Media90 – Toyota kembali menunjukkan dominasinya sebagai produsen mobil terlaris di dunia pada 2025. Produsen asal Jepang ini mencatat penjualan global sebanyak 11,32 juta unit, naik 4,65 persen dibandingkan 2024. Angka ini merupakan gabungan seluruh merek di bawah payung Toyota, termasuk Lexus, Daihatsu, dan Hino, yang secara konsisten menopang performa perusahaan di berbagai segmen.

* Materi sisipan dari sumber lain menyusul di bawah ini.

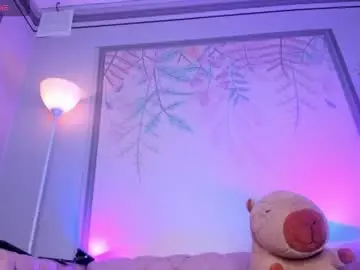 Allisonsweet4u_  live sex cam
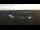 Webcam in Pocking, 25.4 km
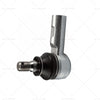 Holden Rodeo TFS 4WD 4PCS Tie Rod Ends (1989-2003)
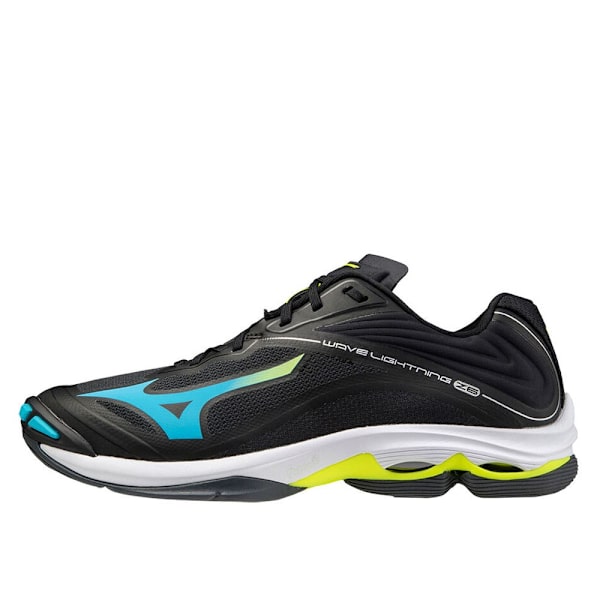 Mizuno Wave Lightning Z6 44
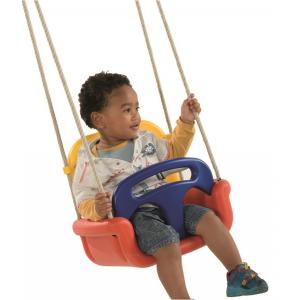 Meegroeischommel Meegroeischommel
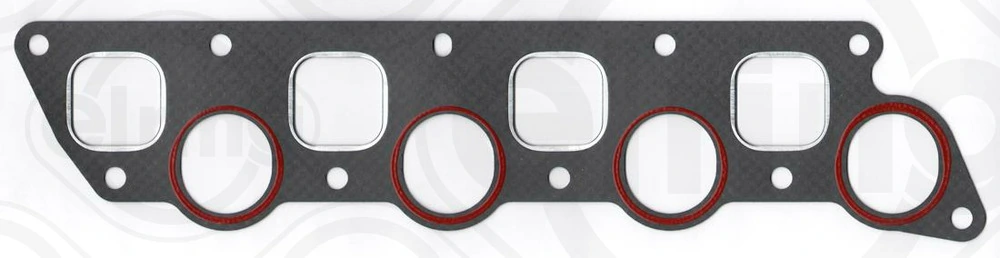 Gasket, intake/exhaust manifold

Di posisi kedua, Volkswagen membukukan penjualan global sebanyak 8,98 juta unit, sedikit menurun 0,51 persen dari tahun sebelumnya. Penjualan ini mencakup merek-merek di bawah grup Volkswagen seperti Porsche, Audi, dan Skoda.
Sementara itu, Hyundai berhasil menempati posisi ketiga dengan penjualan 7,27 juta unit, naik tipis 0,6 persen, diikuti oleh General Motors di posisi keempat dengan 6,18 juta unit (+3,03 persen), dan Stellantis di posisi kelima dengan 5,48 juta unit (+1,27 persen).
Dominasi Produsen China Makin Nyata
Selain pabrikan global tradisional, produsen China semakin menunjukkan pengaruhnya di pasar dunia. BYD memimpin jajaran pabrikan China di peringkat keenam dengan penjualan 4,6 juta unit, naik 7,72 persen. Di bawahnya, SAIC Motor mencatat pertumbuhan 12,33 persen menjadi 4,51 juta unit, menempati posisi ketujuh.
Ford turun ke posisi kedelapan dengan 4,4 juta unit (-1,68 persen), sedangkan Geely melonjak signifikan 26,03 persen menjadi 4,12 juta unit di posisi kesembilan. Honda menutup daftar 10 besar dengan penjualan 3,52 juta unit, turun 7,53 persen.
Keberhasilan produsen China ini tidak lepas dari besarnya pasar domestik mereka, yang mencapai 34,4 juta unit sepanjang 2025. Selain itu, ekspor kendaraan dari China meningkat pesat, melampaui 7 juta unit, menjadikan negara tersebut sebagai eksportir mobil terbesar di dunia.
Tren Global 2025
Data penjualan global menunjukkan bahwa meski pasar tradisional seperti Jepang, Eropa, dan Amerika tetap dikuasai merek-merek klasik, pertumbuhan pabrikan China menjadi fenomena yang sulit diabaikan. Kombinasi harga kompetitif, teknologi elektrifikasi, dan penetrasi pasar domestik yang kuat membuat mereka mampu menembus jajaran 10 besar dunia.
Dengan tren ini, Toyota tetap kokoh di puncak, namun persaingan global semakin ketat dengan merek China yang kini tidak hanya menguasai pasar domestik, tetapi juga mulai menantang dominasi pemain lama di tingkat global.